Reports on smoking history, alcohol consumption, physical activity, diet, and beliefs about diabetes were assessed, which all relate to individual level influences within a social ecological perspective. Obesity status was represented by body mass index (BMI) and waist-to-hip ratio (WHR) recorded by the interviewers. BMI was calculated using weight (kg)/(height (m))2 derived from medical grade scales and stadiometers.

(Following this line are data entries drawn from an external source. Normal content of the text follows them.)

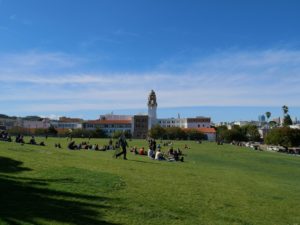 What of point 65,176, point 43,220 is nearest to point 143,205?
point 43,220

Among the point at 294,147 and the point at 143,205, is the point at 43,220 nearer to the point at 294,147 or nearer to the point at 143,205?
the point at 143,205

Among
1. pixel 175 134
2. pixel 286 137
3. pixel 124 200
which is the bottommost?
pixel 124 200

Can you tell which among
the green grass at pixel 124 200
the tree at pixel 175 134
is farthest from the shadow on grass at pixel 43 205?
the tree at pixel 175 134

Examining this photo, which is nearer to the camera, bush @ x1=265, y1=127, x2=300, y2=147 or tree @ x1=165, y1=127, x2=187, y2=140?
bush @ x1=265, y1=127, x2=300, y2=147

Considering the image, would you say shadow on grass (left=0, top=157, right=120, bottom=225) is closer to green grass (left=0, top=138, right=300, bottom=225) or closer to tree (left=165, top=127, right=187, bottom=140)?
green grass (left=0, top=138, right=300, bottom=225)

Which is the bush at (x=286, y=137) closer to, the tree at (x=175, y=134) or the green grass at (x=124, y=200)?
the tree at (x=175, y=134)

For analysis and table presentation, the following BMI categories were used: 18–24.9; 25–29.9; 30 and above. Waist-to-hip Ratio was categorized by >0.99 for men and >0.92 for women based on the optimal cardiovascular risk identification criteria for Mexican American adults [37]. Current/former smoking (vs. never smoking) was measured by a “yes” or “no” response to the question of “Have you smoked more than 100 cigarettes or five packs of cigarettes in your life?” [38]. Alcohol consumption was measured by number of drinks per year then categorized based on Dietary Guidelines for Americans for “moderate” (or less) drinking as consuming up to two drinks per day for men and up to one drink per day for women [39]. Vigorous/moderate exercise was determined from whether respondents met the CDC’s guidelines in their responses to the brief version of the International Physical Activity Questionnaire [40]: 150 min of moderate-intensity exercise per week or 75 min of vigorous-intensity exercise per week [41]. Inactivity (marker of sedentary status) was determined by whether respondents reported 6 h or more of sitting per day [42]. Diet was assessed by the fruit and vegetable consumption component of the CDC-Behavioral Risk Factor Surveillance System (BRFSS). While the CDC recommends a minimum serving of three vegetables and two fruits per day [43], the 2009 BRFSS shows that people who consume more than five fruits and vegetable per day represent 23% nationwide [44] and in our study the estimate was a mere 3% of the population. Thus, in our study we use the criteria of whether respondents ate three or more servings of fruits and vegetables. Respondents were also asked to report “yes” or “no” to whether they believed that diabetes was preventable (Table 1).

Table 1. Descriptive characteristics of sample and the explanatory variables (N = 648).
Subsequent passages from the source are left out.